横須賀港と新門司港を結ぶ「東京九州フェリー」。通常は「はまゆう」「それいゆ」で運航されていますが、多客期などには新日本海フェリーから「すずらん」「すいせん」が助っ人に。東京九州フェリーによる「すずらん」の船旅を紹介します。

「すずらん」は普段、新日本海フェリーが運航

 2021年より運航開始した「東京九州フェリー」。神奈川県の横須賀港(新港埠頭)と福岡県の新門司港のあいだ976kmを、下り(新門司港行き)21時間15分、上り(横須賀港行き)20時間50分で結びます。
 
 この航路は通常「はまゆう」「それいゆ」の2隻で運航されています。しかし予備船はないため、船がドック入りする時や多客期には、同じSHKグループの新日本海フェリーで運航されている「すずらん」「すいせん」が助っ人となります。

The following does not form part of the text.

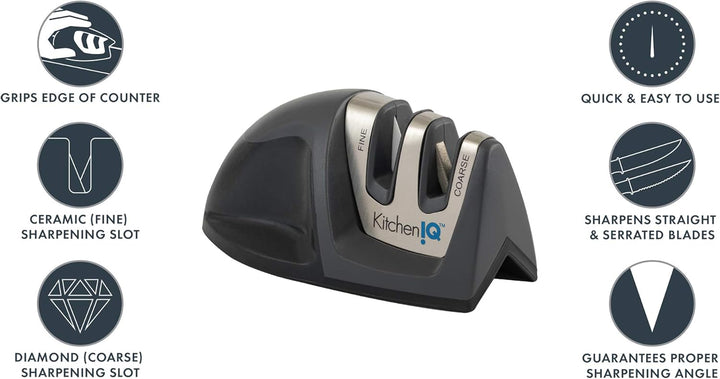 KitchenIQ 50825, Diamant Deluxe Edge Grip, 2-stufiger Messerschärfer, schwarz, grob und fein, kompak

 新日本海フェリーの船舶は通常、船腹に「Shin Nihonkai」と書かれていますが、東京九州フェリーで運航されることがある「すずらん」「すいせん」には「Cruising Resort」の文字が。同社の広報によると、「ドック入り時などに、東京九州フェリーでも運航されるためです。なお『はまゆう』『それいゆ』を逆に新日本海フェリーで運航することもあります」とのことでした。

 普段の「はまゆう」「それいゆ」の排水量1万5400総トン、旅客定員286名に対し、「すずらん」「すいせん」は排水量1万7400総トン、旅客定員590名とより大型です。最大速力29.4ノット(54.4km/h)、航海速力27.5ノット(50.9mk/h)とフェリーとしては非常に高速で、接客設備も充実しています。

 筆者(安藤昌季:乗りものライター)は2024年3月、“東京九州フェリー”が運航する「すずらん」に乗船。今回は2人用個室「スイート」を利用しました。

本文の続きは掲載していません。